Because the equipment on the truck is analog and not high-definition, the value is now about $200,000. But it’s “priceless” as a learning tool for the university, said Wieland, who was more familiar with the donation than he first realized.

“I looked up the specs on the truck and realized I used to direct on that same truck when it was owned by Unitel back in the ’90s,” Wieland said with a laugh.

Built in 1988, the 48-foot double-expando truck was once one of the signature mobile units in the country, taking on big-ticket entertainment shows like the Academy Awards. As a former freelance producer and director — as well as longtime head of the Buffalo Sabres’ television operations — Wieland worked in the truck, among other production trucks, before leaving seven years ago to teach at St. Bonaventure.

Thanks to the gift, two new sports-specific production courses are in the works, Wieland said.

Game Creek has a contract with the Buffalo Sabres, whose home ice is 70 miles north of St. Bonaventure, so an engineer will be able to spend significant time on campus giving Wieland’s team a rundown on the truck. With the equipment already inside, “it could do a college basketball game tomorrow,” Sullivan said.

The truck will be eventually be moved this summer near the Reilly Center, with cables run into the building and out to the athletic fields to facilitate game and event production, Wieland said. The truck should be able to be used for class instruction by the fall.

That equipment includes a Grass Valley 3000 switcher, four hard Ikegami cameras with Canon lenses, three hand-held Ikegami cameras, four Sony W75 Beta decks, a Yamaha 3500 audio console, a Chyron Infinit, and an Abekas DVEous. Wieland hopes the production truck will allow the journalism program’s 295 students to provide content for Time Warner’s Upstate New York sports channel.
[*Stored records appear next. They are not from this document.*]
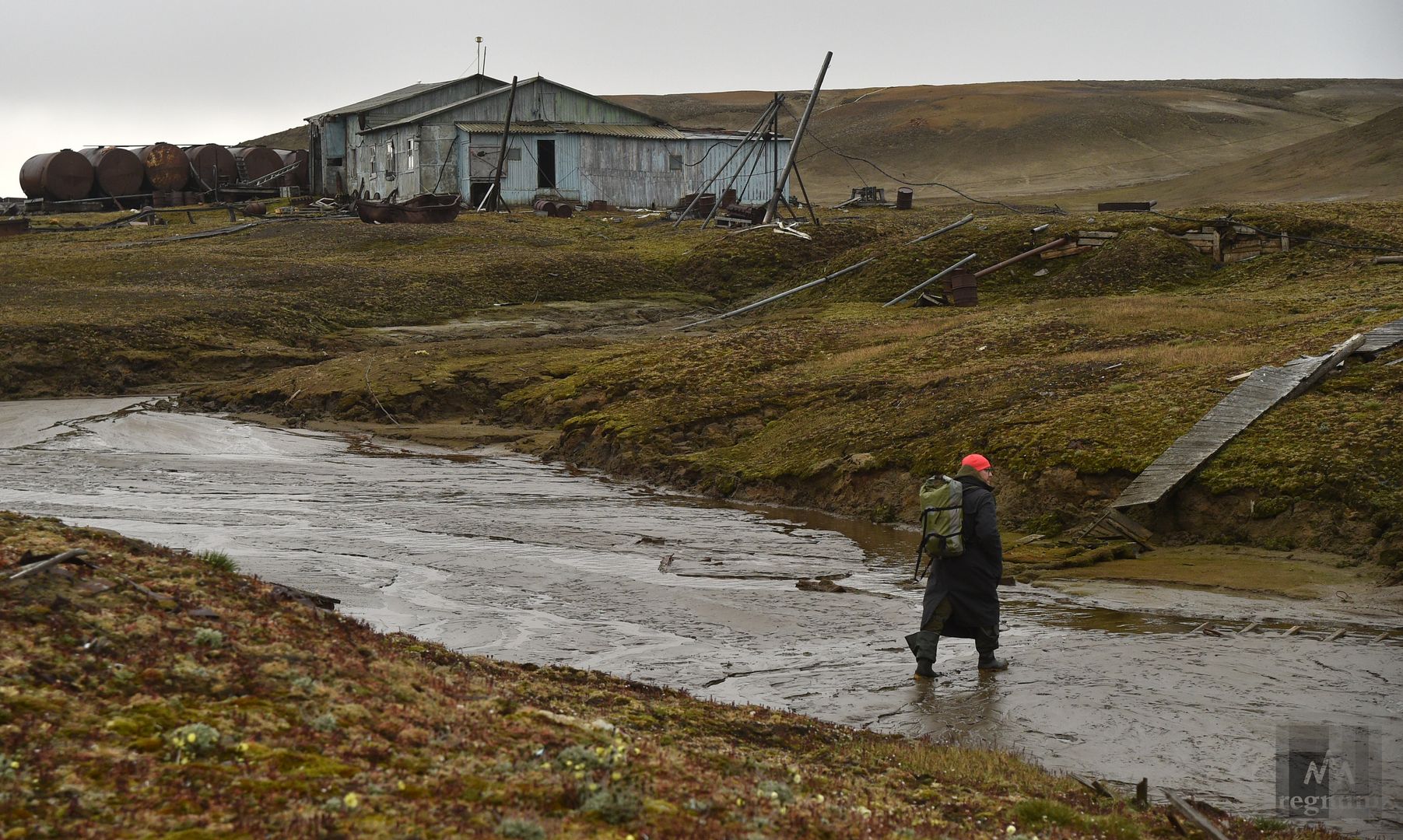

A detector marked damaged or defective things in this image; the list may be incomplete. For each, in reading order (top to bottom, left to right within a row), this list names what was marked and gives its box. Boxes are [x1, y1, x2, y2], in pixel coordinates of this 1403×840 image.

rusty storage tank [18, 149, 94, 202]
rusty storage tank [78, 148, 144, 198]
rusty storage tank [133, 144, 191, 191]
rusty storage tank [184, 146, 237, 189]
rusty storage tank [229, 147, 283, 184]
rusty storage tank [274, 152, 307, 191]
“The thrust of the truck would be to provide in standard-def a series of sporting events to Time Warner,” Wieland said. “They don’t do any high-def stuff themselves, so we could actually turn out product and make it a learning laboratory for baseball, women’s basketball, men’s basketball, soccer, lacrosse, and whatever else comes down the pipeline. The kids will be able to learn doing real events, not just theory.”

Wieland will also bring in adjunct professors to teach specific modules on technical production, asking his friends from the Sabres’ production team, for example, to teach one on graphics.

In the photo, courtesy of St. Bonaventure University, Seniors Jeff Landers of Marathon and Meghan Rossman of Lewiston look over the equipment in the TV production truck with Paul Wieland, SBU faculty member.